Assigned task:
Reproduce the opening lines of the records exactly, please, stopping after the line that contains "Calibrachoa Portucal Patio Red".
** Opening Exercise input block **
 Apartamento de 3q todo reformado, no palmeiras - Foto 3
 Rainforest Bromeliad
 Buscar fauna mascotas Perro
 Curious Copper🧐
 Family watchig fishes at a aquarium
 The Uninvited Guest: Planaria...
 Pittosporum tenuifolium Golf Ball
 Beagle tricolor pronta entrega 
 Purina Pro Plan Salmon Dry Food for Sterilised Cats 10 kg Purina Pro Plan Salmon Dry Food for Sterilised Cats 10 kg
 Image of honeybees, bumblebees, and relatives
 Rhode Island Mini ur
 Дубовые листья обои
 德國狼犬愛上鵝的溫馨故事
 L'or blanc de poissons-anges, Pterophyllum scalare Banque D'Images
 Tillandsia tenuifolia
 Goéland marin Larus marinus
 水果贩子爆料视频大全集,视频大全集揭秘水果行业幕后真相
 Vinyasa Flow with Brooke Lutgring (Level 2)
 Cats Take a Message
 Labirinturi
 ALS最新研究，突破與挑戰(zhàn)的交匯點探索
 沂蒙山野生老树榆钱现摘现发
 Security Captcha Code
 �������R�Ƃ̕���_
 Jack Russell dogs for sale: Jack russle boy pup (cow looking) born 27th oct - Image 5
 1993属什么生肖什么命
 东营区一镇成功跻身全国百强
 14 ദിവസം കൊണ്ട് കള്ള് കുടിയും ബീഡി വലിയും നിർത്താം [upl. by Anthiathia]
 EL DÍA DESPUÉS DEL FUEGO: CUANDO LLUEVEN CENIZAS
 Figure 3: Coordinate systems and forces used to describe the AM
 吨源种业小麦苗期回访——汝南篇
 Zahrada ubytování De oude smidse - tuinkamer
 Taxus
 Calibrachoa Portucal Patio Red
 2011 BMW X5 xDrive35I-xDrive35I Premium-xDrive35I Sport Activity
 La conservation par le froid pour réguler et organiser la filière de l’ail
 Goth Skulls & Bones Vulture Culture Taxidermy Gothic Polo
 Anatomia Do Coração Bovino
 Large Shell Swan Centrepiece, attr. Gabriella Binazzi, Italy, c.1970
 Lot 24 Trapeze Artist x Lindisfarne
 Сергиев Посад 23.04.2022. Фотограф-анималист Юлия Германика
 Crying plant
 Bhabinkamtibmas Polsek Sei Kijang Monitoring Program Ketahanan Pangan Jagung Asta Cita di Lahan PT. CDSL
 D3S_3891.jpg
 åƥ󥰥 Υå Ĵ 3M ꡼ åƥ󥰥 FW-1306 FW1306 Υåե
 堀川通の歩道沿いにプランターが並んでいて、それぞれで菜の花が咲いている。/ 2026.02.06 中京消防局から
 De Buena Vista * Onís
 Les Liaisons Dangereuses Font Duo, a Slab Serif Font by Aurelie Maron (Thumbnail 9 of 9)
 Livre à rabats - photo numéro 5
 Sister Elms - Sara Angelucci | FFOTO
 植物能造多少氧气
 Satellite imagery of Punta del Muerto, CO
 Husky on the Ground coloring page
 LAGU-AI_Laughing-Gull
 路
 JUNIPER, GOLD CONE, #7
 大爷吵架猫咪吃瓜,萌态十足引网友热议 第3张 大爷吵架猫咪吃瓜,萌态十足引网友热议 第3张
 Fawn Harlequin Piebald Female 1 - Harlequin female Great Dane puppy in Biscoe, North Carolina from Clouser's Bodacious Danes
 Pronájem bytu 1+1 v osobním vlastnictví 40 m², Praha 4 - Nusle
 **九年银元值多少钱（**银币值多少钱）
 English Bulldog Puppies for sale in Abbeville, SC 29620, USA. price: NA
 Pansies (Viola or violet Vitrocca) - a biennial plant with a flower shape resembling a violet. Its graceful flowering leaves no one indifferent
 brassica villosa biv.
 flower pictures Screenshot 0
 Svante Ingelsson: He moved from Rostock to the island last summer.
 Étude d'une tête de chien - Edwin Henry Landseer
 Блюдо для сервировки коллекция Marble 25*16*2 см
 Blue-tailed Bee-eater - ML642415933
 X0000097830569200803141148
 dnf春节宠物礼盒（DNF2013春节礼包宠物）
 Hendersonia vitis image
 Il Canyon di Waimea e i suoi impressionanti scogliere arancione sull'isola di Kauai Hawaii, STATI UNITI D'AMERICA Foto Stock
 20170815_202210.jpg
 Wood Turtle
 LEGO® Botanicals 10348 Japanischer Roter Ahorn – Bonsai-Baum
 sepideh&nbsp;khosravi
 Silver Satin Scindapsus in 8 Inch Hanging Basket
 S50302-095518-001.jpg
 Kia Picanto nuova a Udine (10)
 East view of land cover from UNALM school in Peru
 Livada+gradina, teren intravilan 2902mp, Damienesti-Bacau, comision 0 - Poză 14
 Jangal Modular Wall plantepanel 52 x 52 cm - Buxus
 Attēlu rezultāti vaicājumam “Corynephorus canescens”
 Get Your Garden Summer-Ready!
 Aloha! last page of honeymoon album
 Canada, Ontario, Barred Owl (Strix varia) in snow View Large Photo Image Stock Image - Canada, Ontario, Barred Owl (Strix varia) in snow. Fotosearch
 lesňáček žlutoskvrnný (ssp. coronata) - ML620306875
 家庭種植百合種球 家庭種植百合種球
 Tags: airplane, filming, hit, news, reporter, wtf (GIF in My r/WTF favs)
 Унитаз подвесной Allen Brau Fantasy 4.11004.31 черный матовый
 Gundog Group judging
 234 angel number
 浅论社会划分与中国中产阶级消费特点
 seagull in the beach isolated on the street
** Closing Exercise input block **
Solution for this exercise:
 Apartamento de 3q todo reformado, no palmeiras - Foto 3
 Rainforest Bromeliad
 Buscar fauna mascotas Perro
 Curious Copper🧐
 Family watchig fishes at a aquarium
 The Uninvited Guest: Planaria...
 Pittosporum tenuifolium Golf Ball
 Beagle tricolor pronta entrega 
 Purina Pro Plan Salmon Dry Food for Sterilised Cats 10 kg Purina Pro Plan Salmon Dry Food for Sterilised Cats 10 kg
 Image of honeybees, bumblebees, and relatives
 Rhode Island Mini ur
 Дубовые листья обои
 德國狼犬愛上鵝的溫馨故事
 L'or blanc de poissons-anges, Pterophyllum scalare Banque D'Images
 Tillandsia tenuifolia
 Goéland marin Larus marinus
 水果贩子爆料视频大全集,视频大全集揭秘水果行业幕后真相
 Vinyasa Flow with Brooke Lutgring (Level 2)
 Cats Take a Message
 Labirinturi
 ALS最新研究，突破與挑戰(zhàn)的交匯點探索
 沂蒙山野生老树榆钱现摘现发
 Security Captcha Code
 �������R�Ƃ̕���_
 Jack Russell dogs for sale: Jack russle boy pup (cow looking) born 27th oct - Image 5
 1993属什么生肖什么命
 东营区一镇成功跻身全国百强
 14 ദിവസം കൊണ്ട് കള്ള് കുടിയും ബീഡി വലിയും നിർത്താം [upl. by Anthiathia]
 EL DÍA DESPUÉS DEL FUEGO: CUANDO LLUEVEN CENIZAS
 Figure 3: Coordinate systems and forces used to describe the AM
 吨源种业小麦苗期回访——汝南篇
 Zahrada ubytování De oude smidse - tuinkamer
 Taxus
 Calibrachoa Portucal Patio Red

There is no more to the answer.